Ma la questione è più ampia, ricorda Esposti, e il fronte della protesta si muove su diverse questioni: «Gli agricoltori ricevono ogni anno qualcosa come 50miliardi di euro di trasferimenti dalla PAC, in media un agricoltore europeo riceve circa un 25% del suo reddito dalla PAC», ma queste risorse sono legate ad alcune condizionalità tra le quali la messa a riposo di una quota di terreno agricolo pari al 4%, «una buona pratica agronomica – evidenzia – che però i grandi coltivatori sono soliti attuare. Il nodo è che da un lato c’è il mondo agricolo che rivendica il diritto a ricevere soldi dall’Unione Europea senza voler essere condizionato, dall’altro c’è il resto della comunità che deve impegnarsi a conservare l’ambiente in cui vive».

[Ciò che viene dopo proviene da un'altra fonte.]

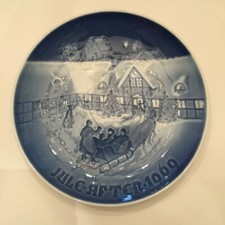 Bing & Grondahl Arrival Of Christmas Guest Christmas Collector Plate 1969 picture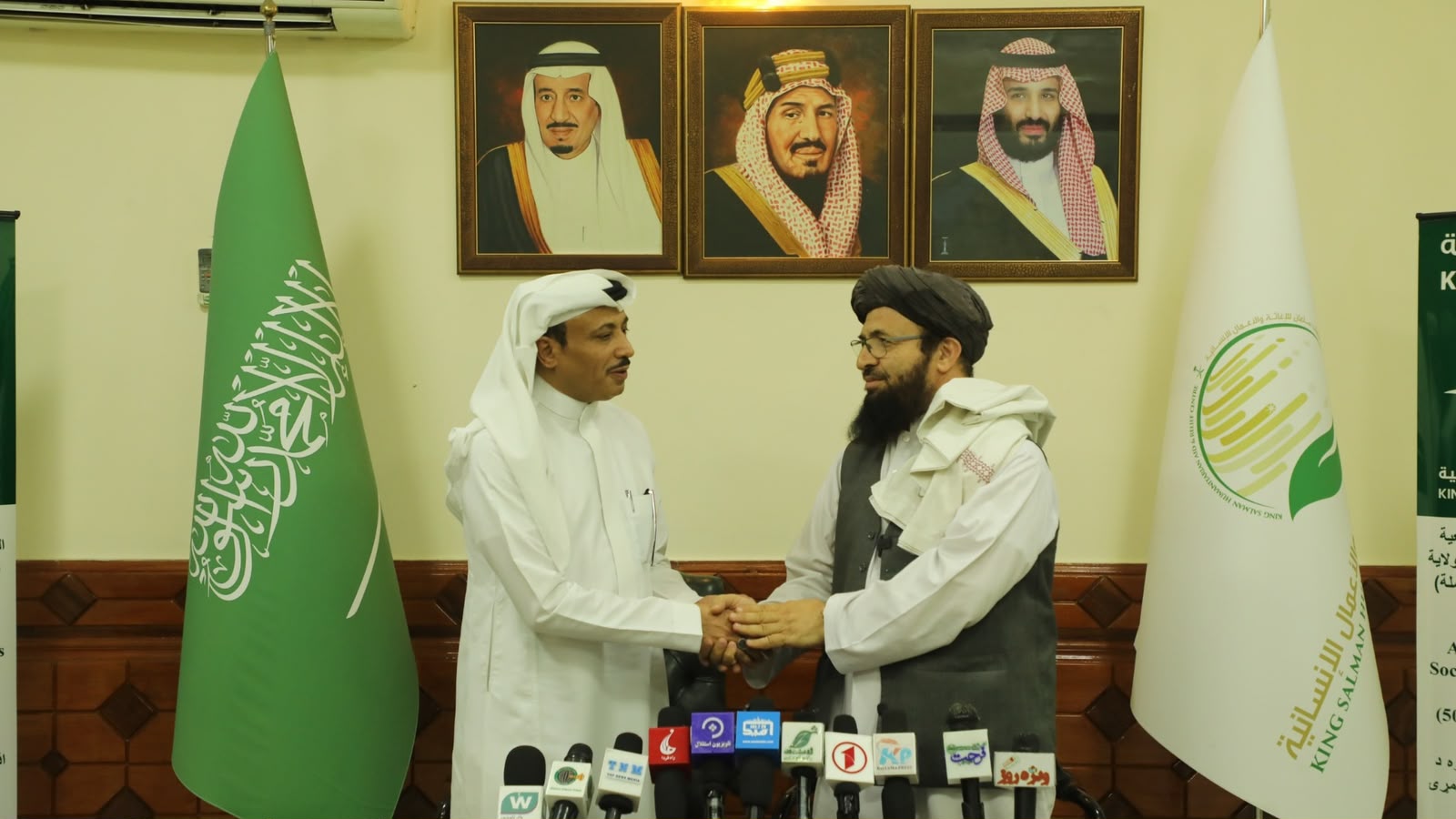 په کابل کې د سعودي عربستان سفارت د نورستان سېلاب ځپلو لپاره د خوراکي مرستو لومړۍ جوپه وسپارله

Uno sforzo, quello sul fronte della tutela dell’ambiente, che secondo il professore Esposti deve essere corale in quanto «un terzo del bilancio della Comunità Europea va agli agricoltori e non ad altri settori che pure avrebbero bisogno di sostegno, per cui è chiaro che queste risorse devono essere giustificate e comportare un impegno verso la transizione ecologica che non può escludere nessuno. Per questo credo che le richieste del mondo agricolo sul PAC non siano giustificate».
Diverso il discorso sul tema degli accordi di libero scambio con i Paesi extra Ue «che favoriscono una concorrenza sleale da parte dei prodotti importati da altri Paesi che non sono costretti a rispettare le norme ambientali e sociali che debbono rispettare i nostri agricoltori. In questo caso la loro richiesta è legittima, ma non riguarda solo il mondo agricolo perché sono diversi i settori convolti. Gli agricoltori – prosegue – hanno ragione anche a rivendicare un intervento della politica agricola comunitaria sul tema dei rapporti di filiera: a loro rimane meno del 20% del valore – conclude – bisognerebbe intervenire sui settori a valle, a cominciare dalla grande distribuzione».